Stocks drop after another jarring day as worries about too-high prices keep dogging Nvidia, bitcoin

The US stock market fell after another jarring day, as worries keep dogging Nvidia, bitcoin and other Wall Street stars that their prices shot too high.
After quickly sliding to a morning loss of 1.5 per cent, the S&P 500 clawed back nearly all of it before sinking again.
It finished with a fall of 0.8 per cent and pulled further from its all-time high set late last month. The Dow Jones Industrial Average lost 498 points, or 1.1 per cent, and the Nasdaq composite sank 1.2 per cent.
Specialist Anthony Matesic and trader Patrick Casey work on the floor of the New York Stock Exchange. (AP)
The shaky finish on Wall Street was felt in the Australian share market, which fell at the opening of trade before steadying to go up 0.5 per cent up at midday.
In the US, Nvidia was again the heaviest weight on the market, and its drop of 2.8 per cent brought its loss for the month so far to more than 10 per cent.
That’s a steep enough fall that Wall Street has a name for it: a correction.

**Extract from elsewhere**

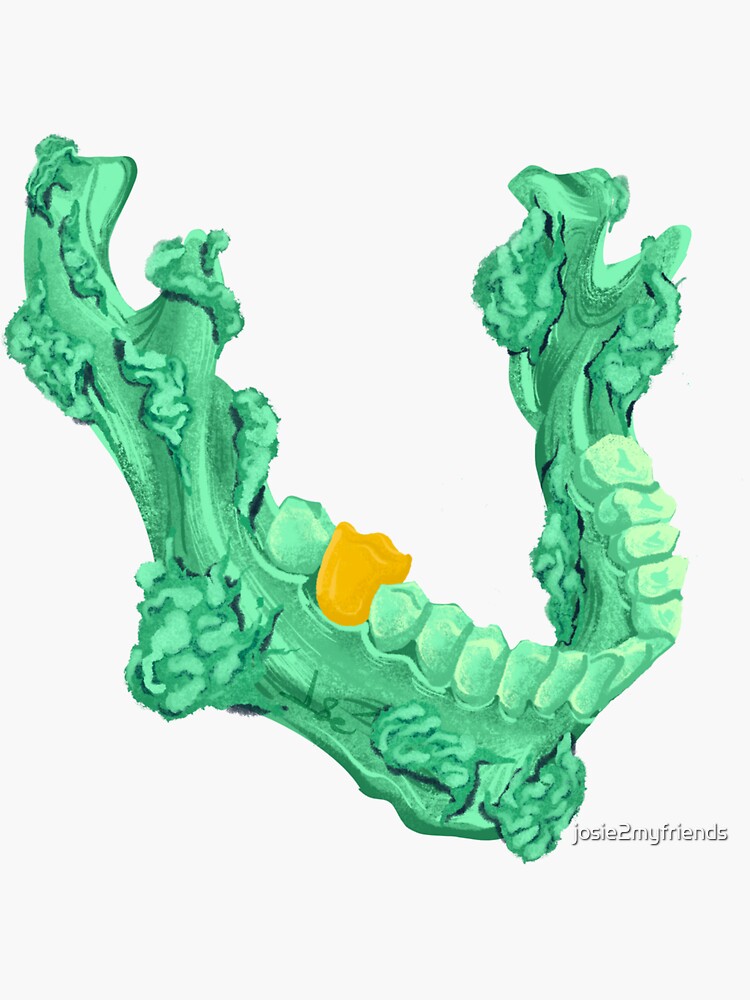 "Radium Jaw" Sticker by josie2myfriends Redbubble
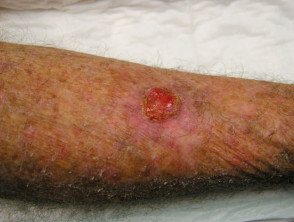 Carcinoma de células basales, pierna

What Nvidia does matters disproportionately to savers’ 401(k) accounts because its immense size means it’s the most influential stock on Wall Street. Those 401(k) accounts are the equivalent of Australia’s superannuation funds.
It single-handedly steers the direction of the S&P 500 some days, after fervent demand for its artificial-intelligence chips helped it briefly top $5 trillion in total value.
The US stock market’s recent struggles are a sharp turnaround from its nearly relentless rally since April, when Wall Street last sold off after President Donald Trump shocked the world with stiff tariffs.
Trader Anan Patel works on the floor of the New York Stock Exchange, Tuesday, Nov. 18, 2025. (AP Photo/Richard Drew) (AP)
That rally was so strong that critics say it may have carried prices too high, too fast and left the market at risk of a sharp drop.
They point in particular to stocks swept up in the AI mania, which have been surging at spectacular speeds for years.
Nvidia’s price more than doubled in four of the last five years, for example, while Palantir Technologies’ stock more than doubled in the first six and a half months of this year.
Many big investors still seem to expect stock prices to rise further, according to the latest monthly survey of global fund managers by Bank of America Global Research.
But when asked what the No. 1 risk for the market is, one with a lower probability of happening but a chance of very big damage, 45 per cent pointed to an AI bubble.
That beat out potential trouble in the bond market, inflation and trade wars.
Options trader Joseph D’Arrigo works on the floor of the New York Stock Exchange, Tuesday, Nov. 18, 2025. (AP Photo/Richard Drew)
A record percentage of investors is also saying companies are “overinvesting,” according to the survey.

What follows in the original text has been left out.